Devenu ministre de l’Intérieur en 1990, il démissionna du Parti Socialiste (PS) pour maintenir l’équilibre de la balance entre toutes les formations politiques. Il facilitera la réconciliation nationale post-« événements de 88 » grâce à cette démission portée à la connaissance des partis et de l’opinion.

Froid avec Habib Thiam 

Nommé le 7 avril 1991 ministre de l’Économie, des Finances et du Plan, il adressa une lettre au Président Abdou Diouf, le 30 novembre 1992, pour lui faire connaître sa décision d’arrêter sa participation au gouvernement si, en cas de victoire aux élections de 1993, Habib Thiam, avec qui il était en froid, devait être maintenu au poste de Premier ministre.

Baron du Ps qu’il a intégré en janvier 1984, à la demande du secrétaire général de l’époque, Abdou Diouf, à la suite du Congrès extraordinaire des 20, 21 et 24 janvier 1984, il devint, automatiquement, le secrétaire national du Bureau politique du parti chargé des Affaires économiques et président de la commission des Affaires économiques et financières du Comité central. Le dialogue fructueux entre le pouvoir et l’opposition ainsi que la médiation réussie entre Abdoulaye Wade et Abdou Diouf, qui ont abouti à la formation d’un gouvernement de majorité présidentielle élargie le 7 avril 1991, portent son empreinte.

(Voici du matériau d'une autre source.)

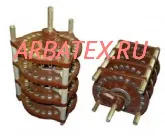 ПЩ-12П4Н2 переключатель щетоный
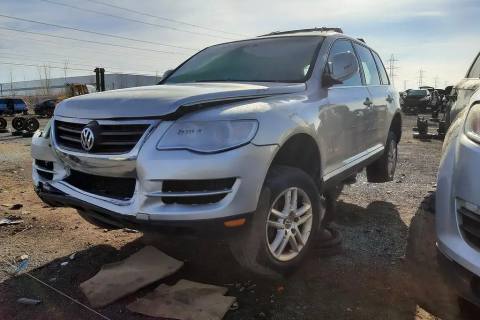 Photo of 2010 Volkswagen Touareg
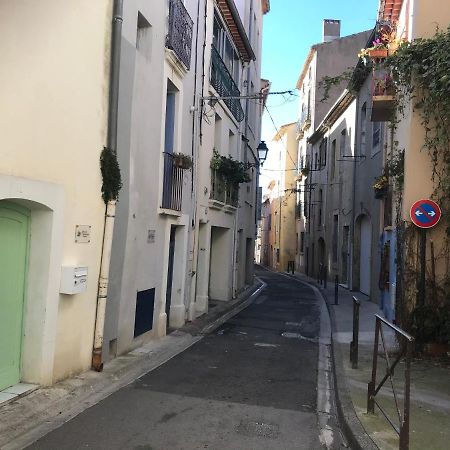 Appartement Style Pop Art Avec Garage Centre Historique Beziers Bagian luar foto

Après les élections (présidentielle et législatives) de 1993, Abdou Diouf décida de maintenir son ami de longue date Habib Thiam comme Premier ministre. Famara Ibrahima Sagna, fidèle à ses exigences, n’hésita pas une seconde à quitter le gouvernement pour… « convenance personnelle ». Mais des négociations amicales avec Abdou Diouf aboutirent à une proposition de nomination comme président du Conseil économique et social. Famara Ibrahima Sagna accepta le poste. Nommé le 2 juin 1993, il devint la quatrième personnalité de l’État.

Vingt-six ans plus tard, ce père de cinq enfants n’occupe plus le même rang, mais son influence reste intacte à défaut d’avoir décuplé.